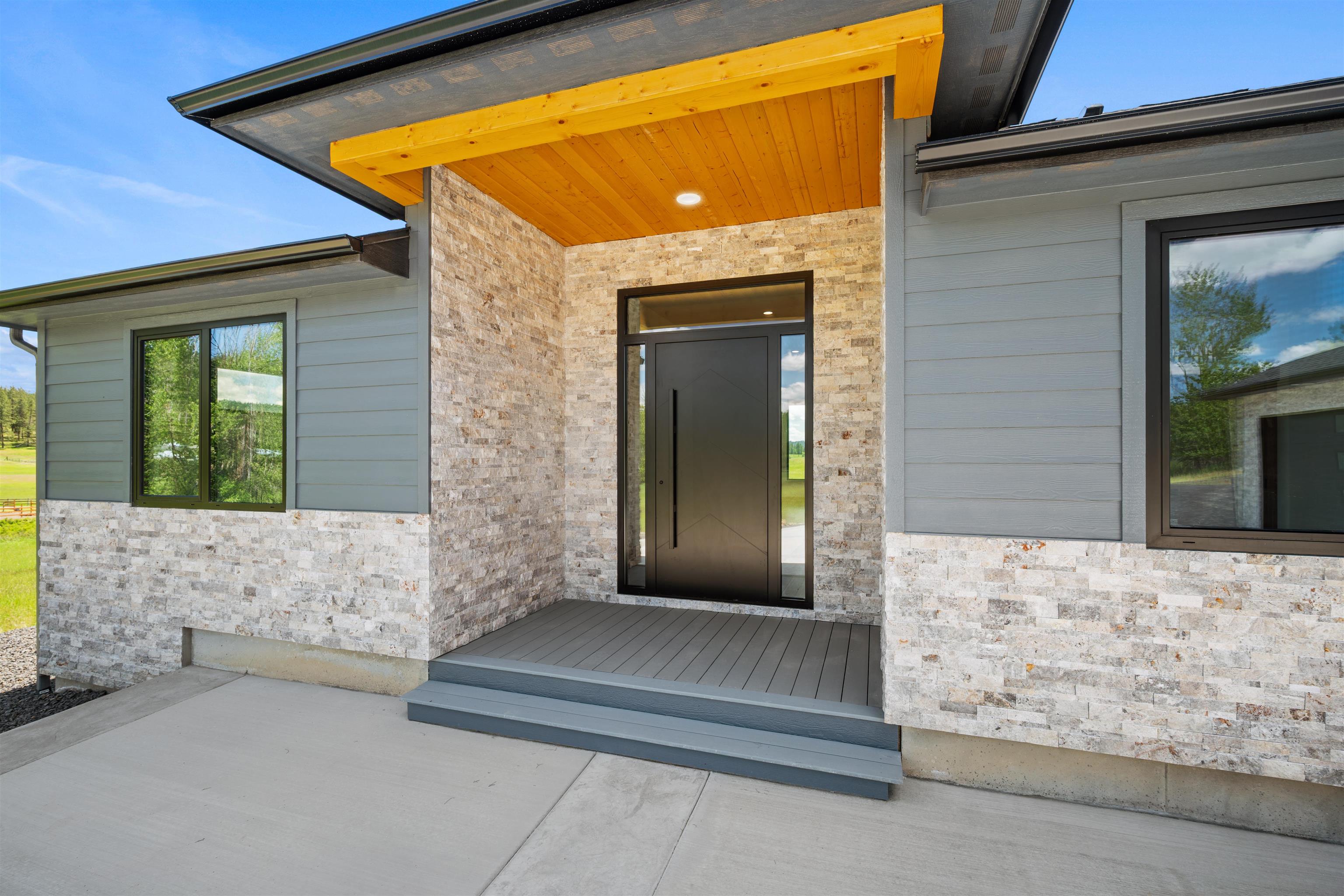 19490 N Madison Rd - Photo 13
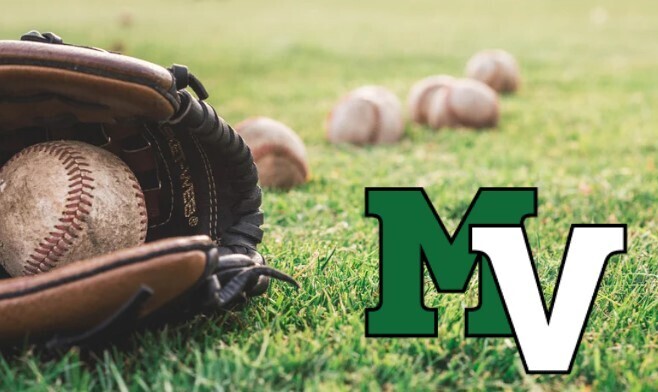 baseball artwork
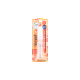 ORA2 極緻香水漱口水-水漾橙香 6ML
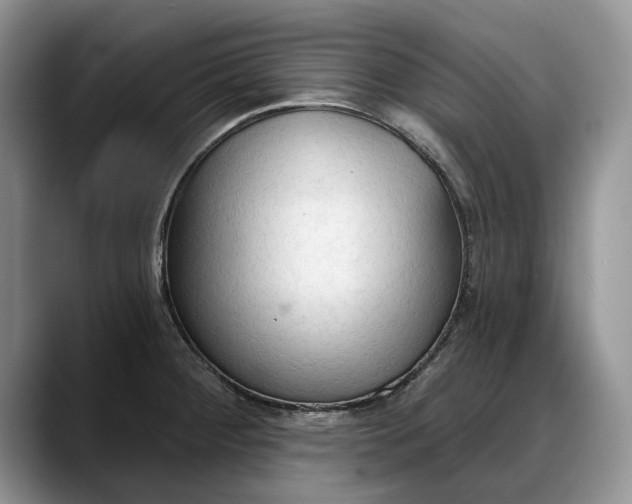 X0000088221284200705292106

━━━━━━━━━━━━━━━━━━━━

Transcribe the full listing above exactly, with the images removed.

 19490 N Madison Rd - Photo 13
 baseball artwork
 ORA2 極緻香水漱口水-水漾橙香 6ML
 X0000088221284200705292106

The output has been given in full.